Full Text
MATHEMATICS
L. A. KIVISTIK
ON A MODIFICATION OF THE ITERATIVE METHOD WITH MINIMAL RESIDUALS FOR SOLVING NONLINEAR OPERATOR EQUATIONS
(Presented by Academician S. L. Sobolev on 15 VII 1960)
- Let \(P(x)\) be a twice differentiable (in the Fréchet sense) operator from the real Hilbert space \(H\) into the same space.
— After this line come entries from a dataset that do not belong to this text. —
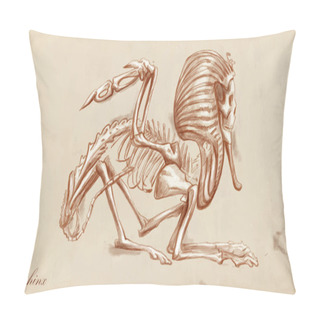 Personality  An Hand Drawn Vector: Sphinx Pillow Covers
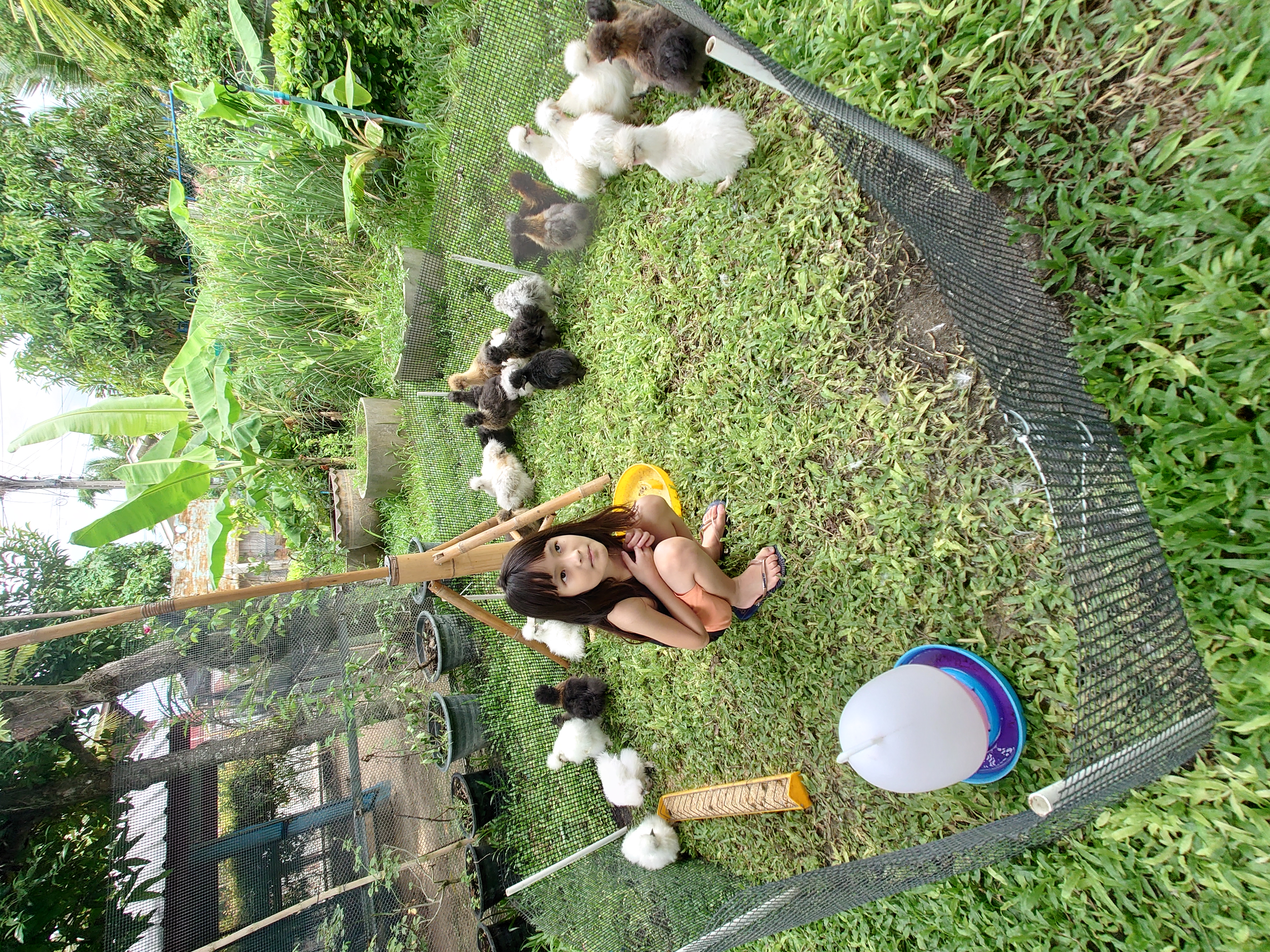 ดูแลไก่ซิลกี้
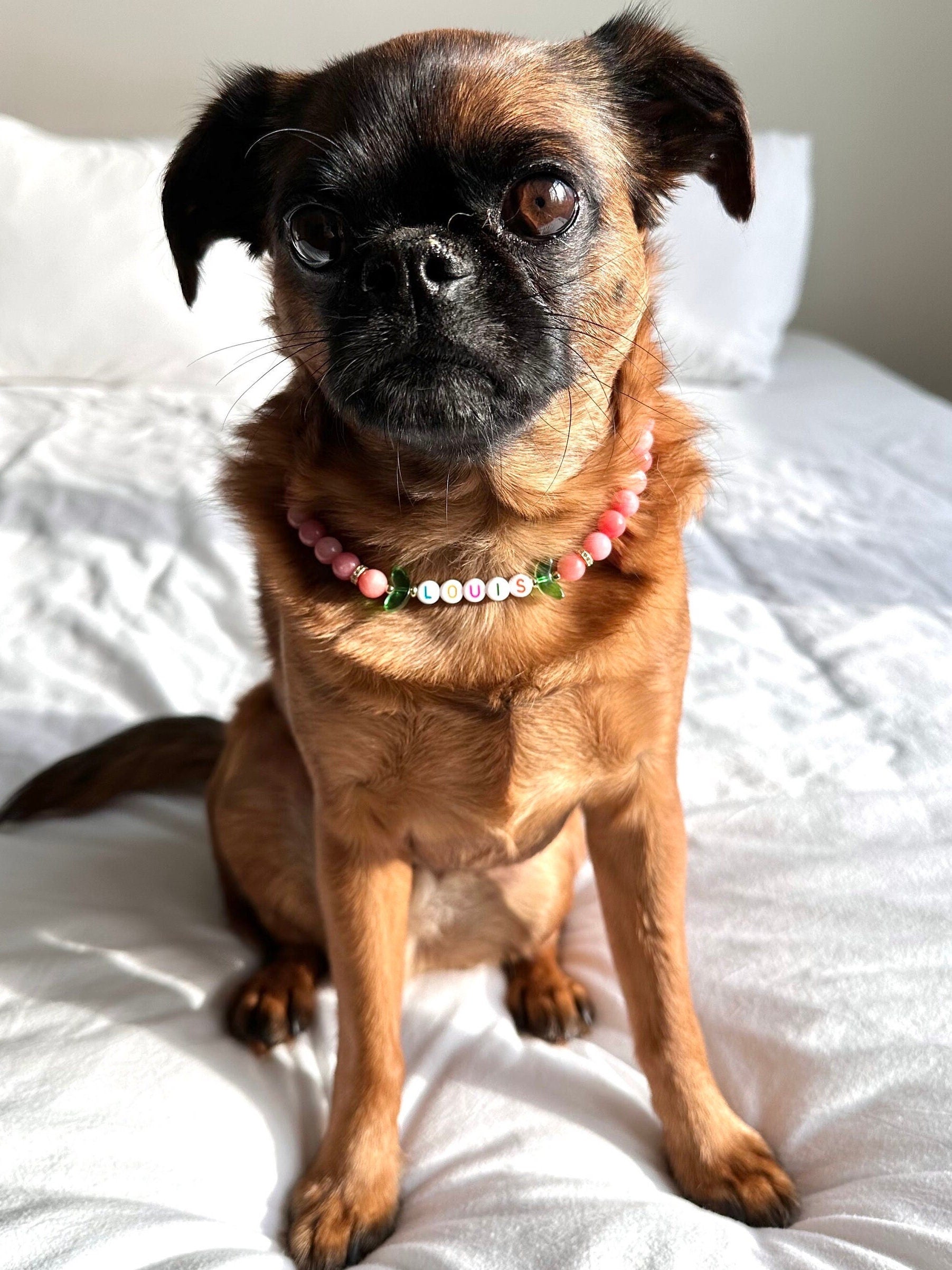 Fuzzy Peach Dog Necklace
For solving the equation
\[ P(x)=0 \tag{1} \]
we consider iterative methods of the type
\[ x_{n+1}=x_n+\varepsilon_n y_n,\qquad n=0,1,\ldots, \tag{2} \]
where \(x_0\in H\) is a known initial approximation to the solution of equation (1), \(\varepsilon_n\) are real numbers, and \(\{y_n\}\) is some sequence of elements of the space \(H\).
Since \(P(x)\) is twice differentiable, we have
\[ \|P(x_{n+1})\|\leq \|P(x_n)+P'(x_n)(x_{n+1}-x_n)\| +\frac{1}{2}\|P''(\bar x_n)\|\,\|x_{n+1}-x_n\|^2, \tag{3} \]
where \(\bar x_n=x_n+\tau_n(x_{n+1}-x_n)\), \(0<\tau_n<1\).
Choose \(\varepsilon_n\) so that, for fixed \(y_n\),
\[ \|P(x_n)+P'(x_n)(x_{n+1}-x_n)\|^2 = \|P(x_n)+\varepsilon_n P'(x_n)y_n\|^2 \]
is minimal. It is easy to verify that the minimum value is attained for
\[ \varepsilon_n = - \frac{(P(x_n),\,P'(x_n)y_n)} {\|P'(x_n)y_n\|^2}. \tag{4} \]
In this case
\[ \|P(x_n)+P'(x_n)(x_{n+1}-x_n)\|^2 = \|P(x_n)\|^2 - \frac{(P(x_n),\,P'(x_n)y_n)^2} {\|P'(x_n)y_n\|^2}. \tag{5} \]
- Choose \(y_n=P(x_n)\). Then, for solving equation (1), we obtain the method
\[ x_{n+1} = x_n - \frac{(P(x_n),\,P'(x_n)P(x_n))} {\|P'(x_n)P(x_n)\|^2} \,P(x_n), \tag{6} \]
which, in the case of a linear operator equation, gives the method with minimal residuals considered by M. A. Krasnosel’skii and S. G. Krein \((^1)\).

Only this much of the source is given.